Герцоги республики в эпоху переводов: Гуманитарные науки и революция понятий - Страница 49
Поход за именами
Итак, российские новаторы возводят свою интеллектуальную генеалогию к фигурам и течениям, которые символизируют протест против великих парадигм. Подходы, с которыми связаны имена X. Уайта, К. Гирца, Ст. Гринблатта — лингвистический поворот, символическая антропология, новый историзм, — обладали свежестью и привлекательностью, пока то, против чего они восставали (а именно старые парадигмы), продолжало играть важную роль, интеллектуальный хаос скорее прельщал, а позитивистскую атаку было еще трудно предвидеть. Но когда доминирующие парадигмы распались, а методологический разброд стал угрожать самому существованию социальных наук, стало очевидно, что ни одно из этих направлений не способно ни упорядочить хаос, ни предложить способ выхода из кризиса — что и вызвало падение интереса к этим течениям на Западе. Но слабо тлеющего в них отблеска жизни оказалось достаточно для того, чтобы заинтересовать российских исследователей, которые, открыв их уже в эпоху переводов, превратили их в свой опознавательный знак, интеллектуальный символ.
Что заставило Проскурина забыть о решительном отказе от теории и о нелюбви к постмодернизму, что побудило Зорина пуститься в нелюбимые им теоретические изыскания? Зачем понадобился Эткинду новый историзм? Почему все три исследователя отправились в поход за именами, чтобы выбрать в качестве предтеч авторитеты уходящей эпохи?
Действительно, в отношении Эткинда, Зорина и Проскурина к своим «кумирам» много общего. Все они, словно сговорившись, как бы не замечают времени, истекшего с момента написания работ Уайта, Гирца и даже Гринблатта, продолжая использовать их идеи непосредственно, как если бы их произведения были написаны вчера, не считаясь с грузом критики, интерпретаций и просто ушедшего времени. Впрочем, кто будет оспаривать право исследователя мастерить свой интеллектуальный инструментарий из всего, что попадется под руку? Но проблема в том и состоит, что великих мастеров не пускают дальше прихожей, им заказан доступ в текст, их идеи либо не используются в анализе, либо вступают в откровенное противоречие с оригинальными исследовательскими практиками российских новаторов.
Отметим, что все три автора выбирают великих среди тех, чье наследие поддается множественным интерпретациям, не налагает значимых интеллектуальных запретов и не предъявляет обязательных к исполнению методологических требований.

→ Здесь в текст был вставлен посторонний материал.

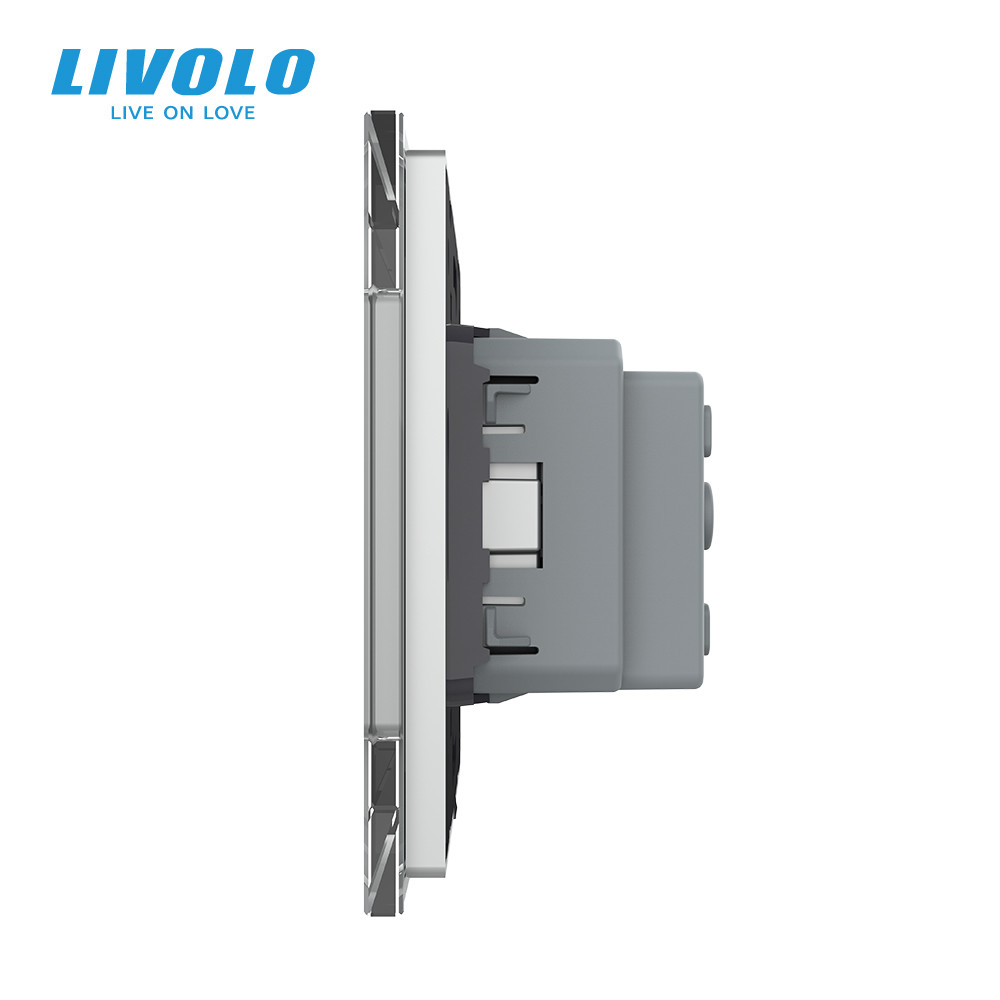 LIVOLO Електрична розетка з заземленням LIVOLO, сіра, скляна рамка, шторки, 250В 16А (VL-C7C1EU Коломия - фото 7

Безусловно, описанные выше случаи — отнюдь не единственный пример ложной научной генеалогии. Чтобы не ходить далеко за примером, достаточно вспомнить сравнительно недавнюю попытку Пьера Нора возвести «Места памяти» к «Социальным кадрам памяти» Мориса Альбвакса. Нора предельно далек от социологии и философии Дюркгейма. Он никогда особенно не интересовался социальной историей — тему связи памяти с разными социальными группами трудно встретить на страницах «Мест памяти». Создателя «Мест памяти» интересовала «французскость», символическое переживание прошлого в сознании современных французов, а вовсе не отличия коллективной памяти интеллектуалов от школьных учителей. Альбвакс понадобился Нора потому, что его собственный подход был слишком оригинален, слишком смел и настолько радикально выламывался за рамки всякой научной традиции, что даже он, «интеллократ» уже к моменту создания проекта, ощутил потребность в предшественнике, легитимизирующем его демарш. Альбвакс был, вероятно, лучшим кандидатом на эту роль, хотя «социальные кадры памяти» не нашли своего места в «Местах памяти». Примерами такого рода богата интеллектуальная история всех времен и народов.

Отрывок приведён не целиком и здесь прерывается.